===== Data supplied =====
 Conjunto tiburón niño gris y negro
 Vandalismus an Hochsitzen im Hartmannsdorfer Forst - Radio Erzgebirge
=====
===== Data supplied =====
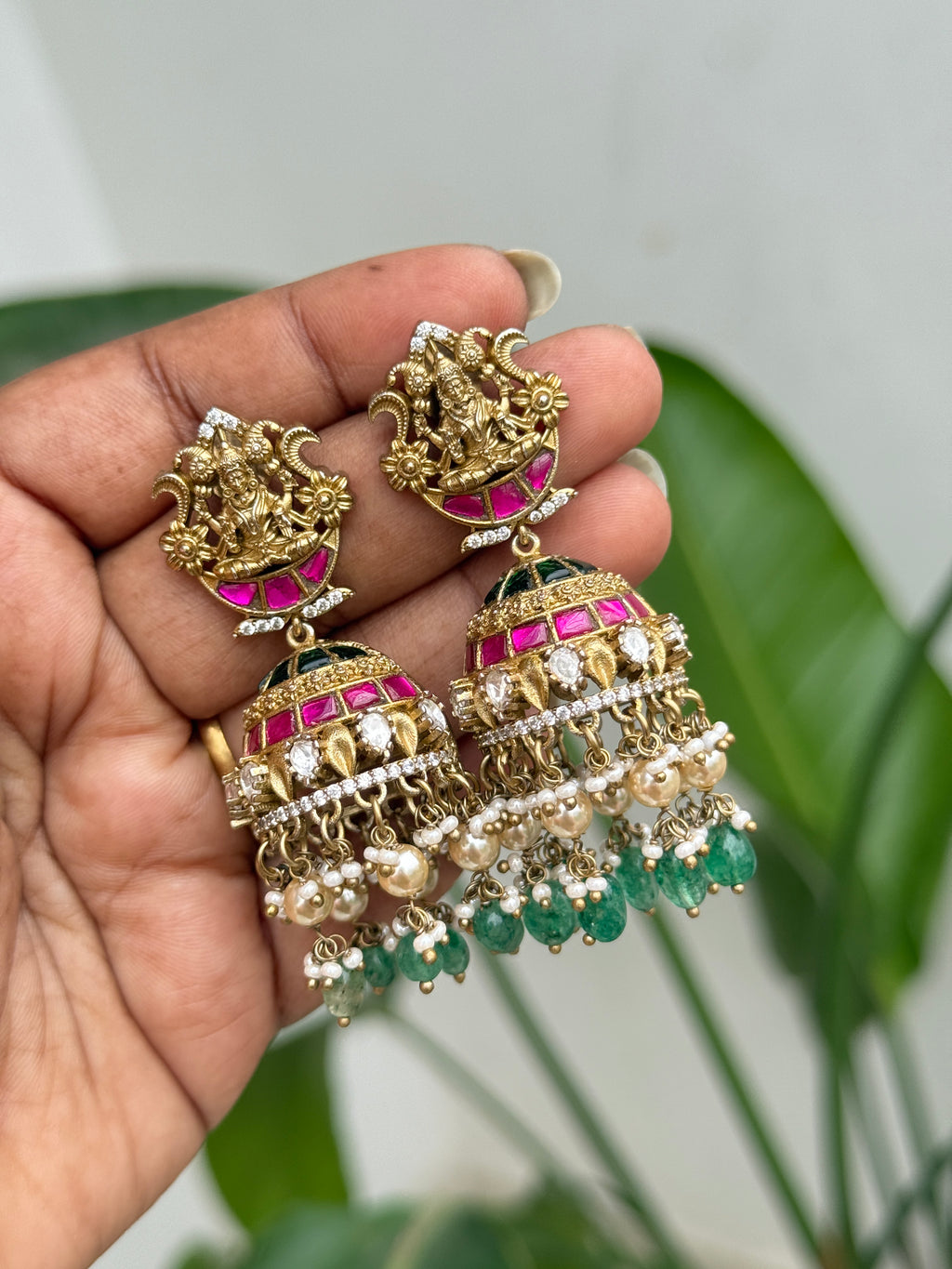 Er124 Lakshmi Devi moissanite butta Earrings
=====
◆ **What the task asks**
Please give an exact copy of the lines above, beginning with the line containing "Conjunto tiburón niño gris y negro" and running through the line containing "Vandalismus an Hochsitzen", and of no other lines.

◆ **Response to this exercise**
 Conjunto tiburón niño gris y negro
 Vandalismus an Hochsitzen im Hartmannsdorfer Forst - Radio Erzgebirge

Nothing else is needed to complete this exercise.